Lauri Roche has a problem — a good problem, mind you — in organizing the Saturday Star Parties at the Dominion Astrophysical Observatory in rural Saanich.
Thanks to modern media including social media, public knowledge of astronomical phenomenon, events, and new discoveries continues to expand in creating expectations for the event.
“We have to be on top of things,” says Roche, a board member of the Friends of the Dominion Astrophysical Observatory (FDAO) who is also a member and former president of the Victoria chapter of the Royal Astronomical Society of Canada (RASC), who co-organizes the events.
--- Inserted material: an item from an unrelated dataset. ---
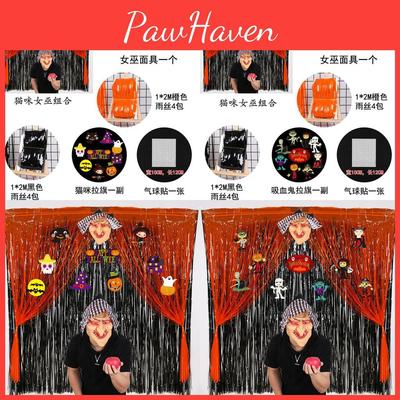 Новые украшения для Хэллоуина Макарон Дождь Занавес Фон Стена Набор Масок Ведьмы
The remaining five star parties — Aug. 4, 11, 18, 25 and Sept. 1 — certainly promise to offer plenty of talking points, as the night sky has and continues to generate a lot of attention these days, or shall we say, nights.
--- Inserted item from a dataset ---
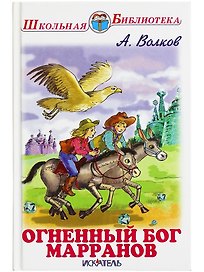 Огненный бог Маранов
Four of the five brightest planets that humans can see with their naked eyes — Venus, Mars, Jupiter, and Saturn — will stretch across the early evening sky from west to east in August, with Mars drawing much of the attention.
On early Tuesday morning, Mars came closer to Earth than at any other point since 2013 — the year of its closest approach. It won’t be as close as Tuesday for another 17 years. This proximity promises nothing less than spectacular views of the Red Planet, which will be the third brightest object in the nighttime sky (next to the moon and Venus) until Sept. 6 , eclipsing even Jupiter in brightness.
Last month also included the discovery of 12 new Jupiter moons, and a lunar eclipse (unfortunately not visible in North America). And yes, scientists also discovered water on Mars.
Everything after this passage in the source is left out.